Kommentar Baukindergeld soll eingeschränkt werden

Redakteur Thomas Block ist sicher, dass der Finanzminister der CSU eines auswischen wollte.
Redakteur Thomas Block ist sicher, dass der Finanzminister der CSU eines auswischen wollte. © Foto: NBR
Berlin / Thomas Block 25.06.2018
Die geplanten Einschränkungen für das Baukindergeld sind kontraproduktiv, meint Thomas Block.

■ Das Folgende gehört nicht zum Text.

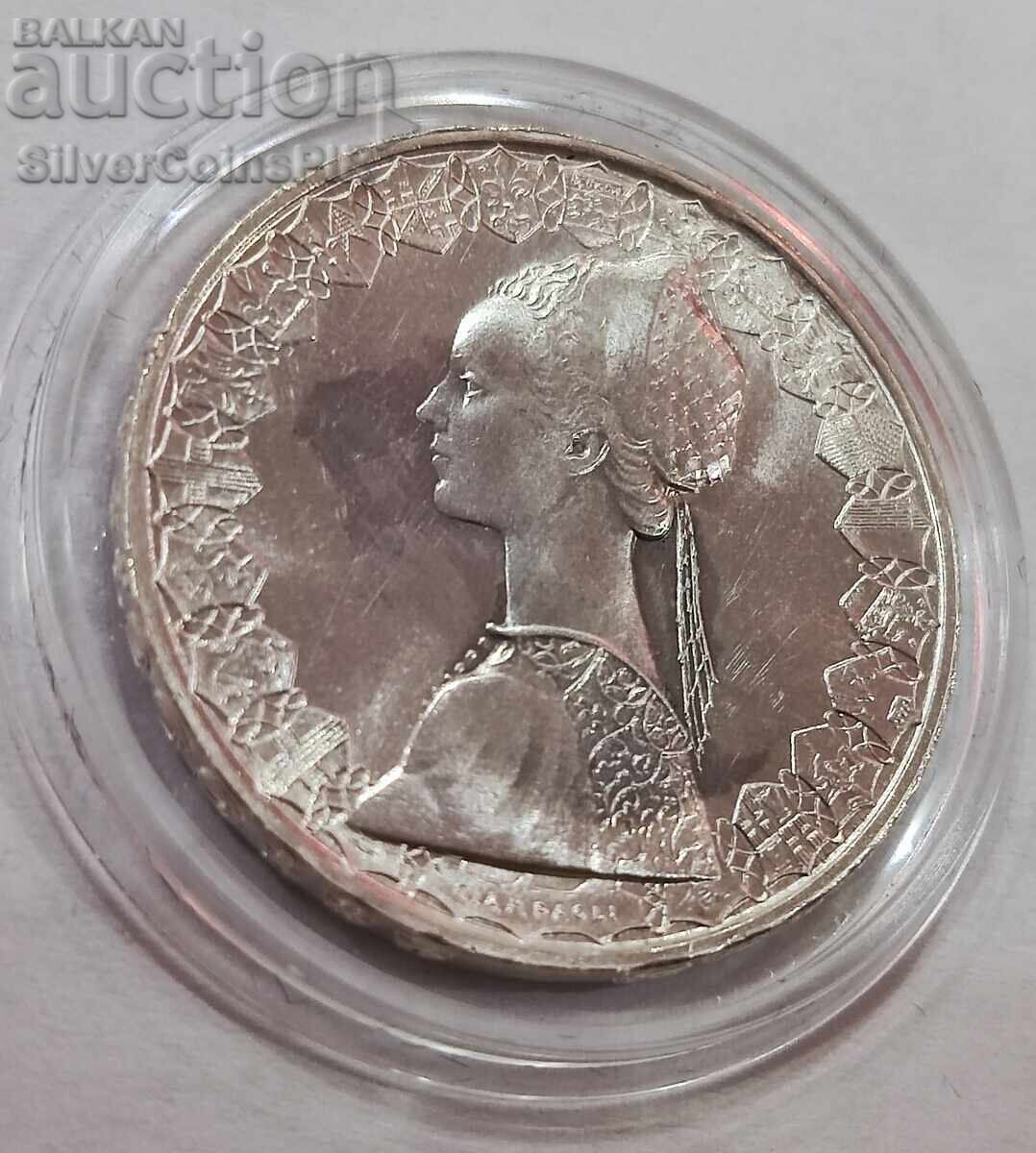 Ασημένια 500 Λίρες Νίνα Πίντα Ιταλία - 5 Ασημένια 500 Λίρες Νίνα Πίντα Ιταλία - 5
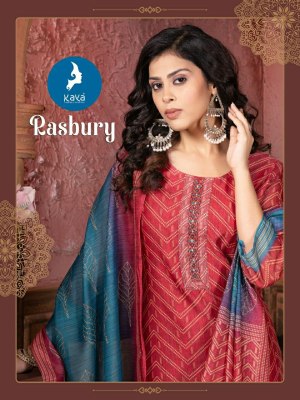 Rasburry by Kaya Chanderi digital printed readymade suit catalogue at low rate readymade suit catalogs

Es gibt wenig Dinge, die so irrational sind wie der deutsche Immobilienmarkt. In Stuttgart, München, Frankfurt kostet eine 30-Quadratmeter-Wohnung so viel wie ein großzügiges Mehrfamilienhaus mit großem Garten in Sachsen-Anhalt oder im Ruhrgebiet. Wenn es nach Finanzminister Olaf Scholz (SPD) geht, bekommt eine dreiköpfige Familie nun für den Kauf der 30-Quadratmeter-Wohnung in der Stuttgarter Innenstadt eine staatliche Förderung, für das Haus in Sachsen-Anhalt hingegen nicht, wenn es mehr als 120 Quadratmeter Wohnfläche hat. Hinsichtlich der absurden Verhältnisse auf dem deutschen Immobilienmarkt ist das absurd. Mehr noch: Es ist grundfalsch.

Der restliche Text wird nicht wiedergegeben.